What you should do: Below are some records. Output the lines from the first one through the line that holds "Tanzania wheelchair accessible", exactly as written, with no pictures.

----- Data for analysis -----

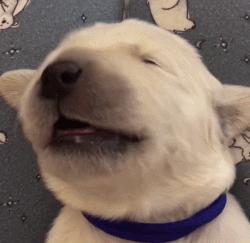 毛绒绒不咬人的宠物,除了猫狗之外的小宠物推荐一下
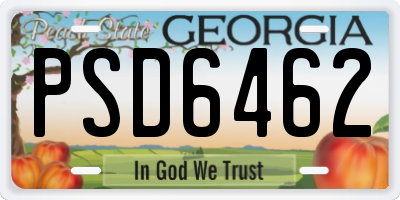GA license plate PSD6462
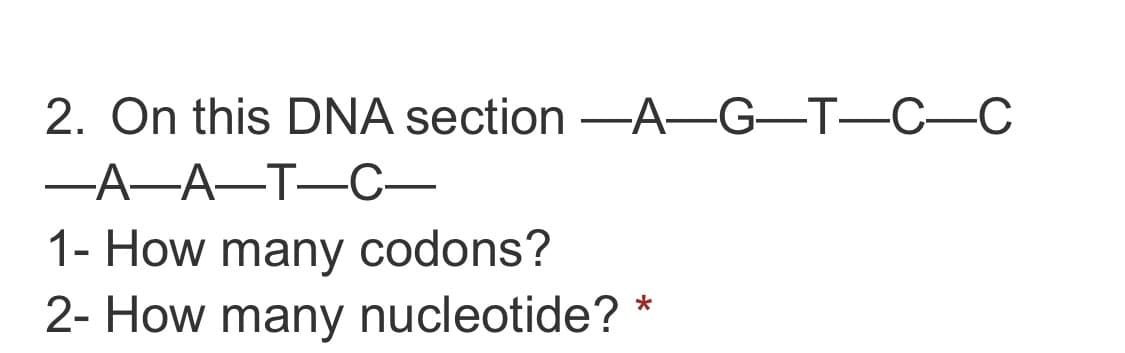 2. On this DNA section -A-G-T-C-C
-A-A-T-C-
1- How many codons?
2- How many nucleotide? *
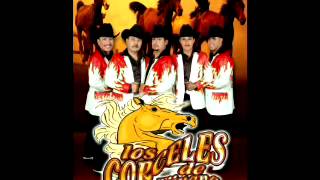 Los Cocos - LOS CORCELES DE TIJUANA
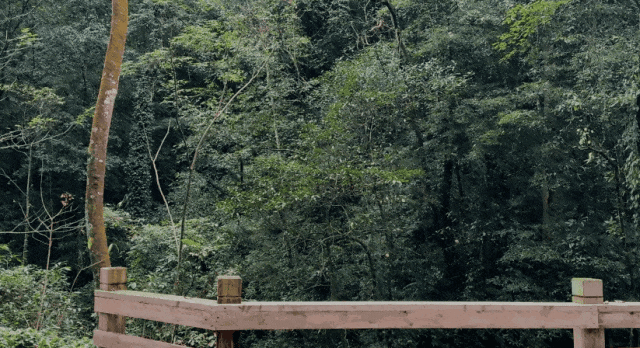 青城山｜与自然对话的日与夜。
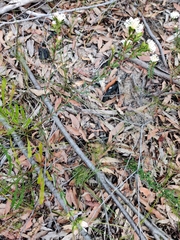 Pimelea linifolia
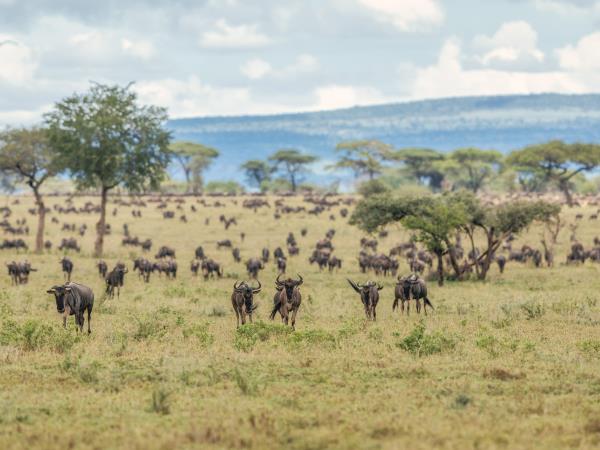 Tanzania wheelchair accessible safari vacation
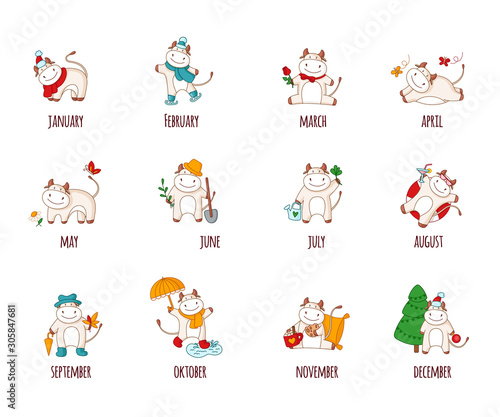 White cartoon ox, bull or cow - set of 12 kawaii characters isolated on white for calendar print, symbol of 2021 year, collection of cute farm animals witn different atributions - vector illustration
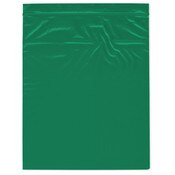 Plymor 10" x 12" (Pack of 100), Green 2 Mil Zipper Reclosable Plastic Bags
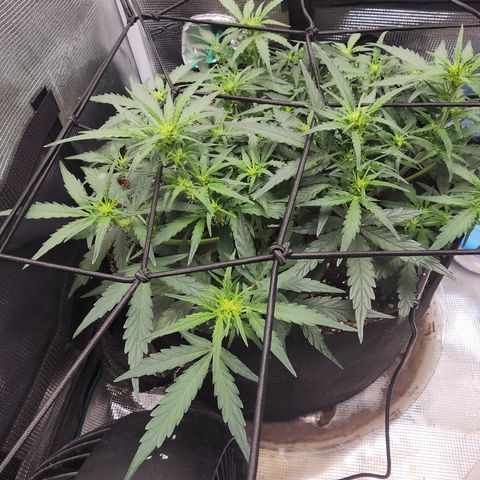 LSD Auto growlog timeline photo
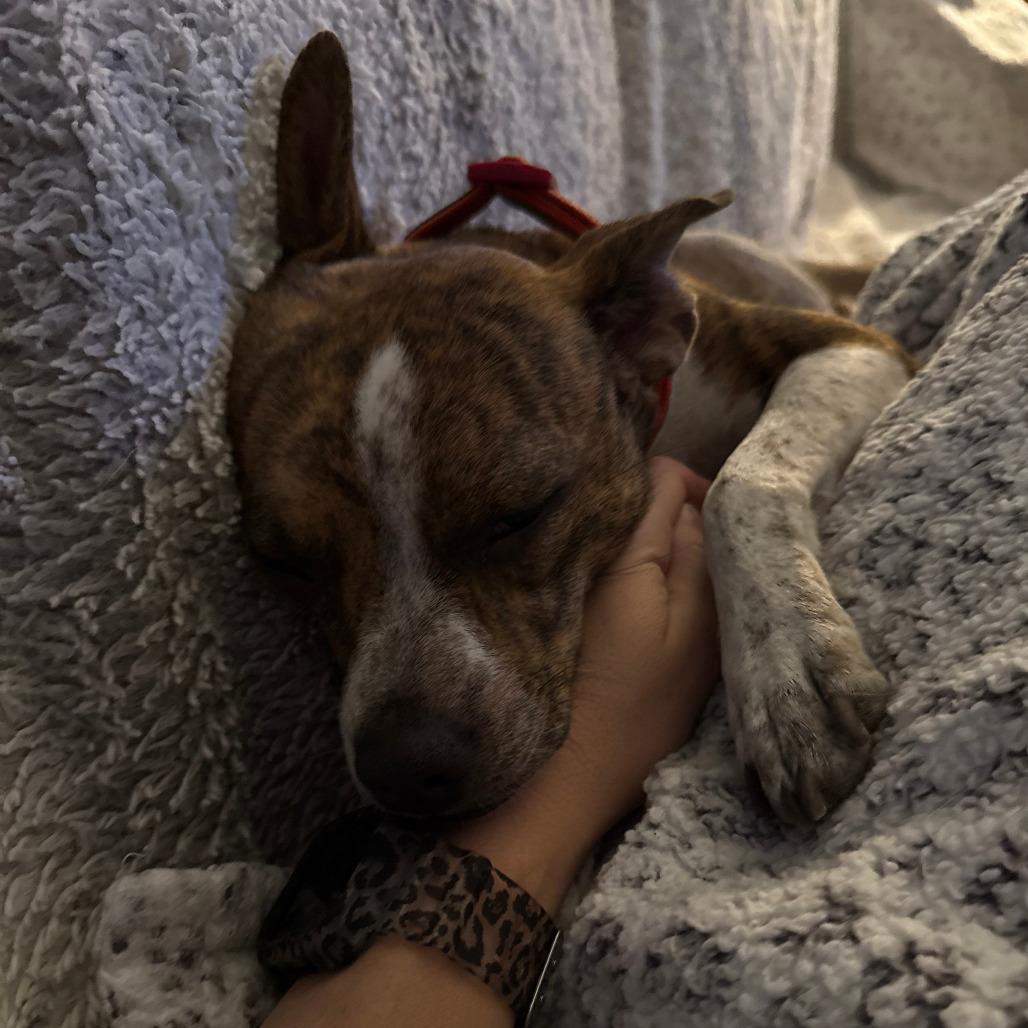 Judy, a Adoptable Mixed Breed in Boone, IA image 4/6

-----

Solution to this exercise:
 毛绒绒不咬人的宠物,除了猫狗之外的小宠物推荐一下
GA license plate PSD6462
 2. On this DNA section -A-G-T-C-C
-A-A-T-C-
1- How many codons?
2- How many nucleotide? *
 Los Cocos - LOS CORCELES DE TIJUANA
 青城山｜与自然对话的日与夜。
 Pimelea linifolia
 Tanzania wheelchair accessible safari vacation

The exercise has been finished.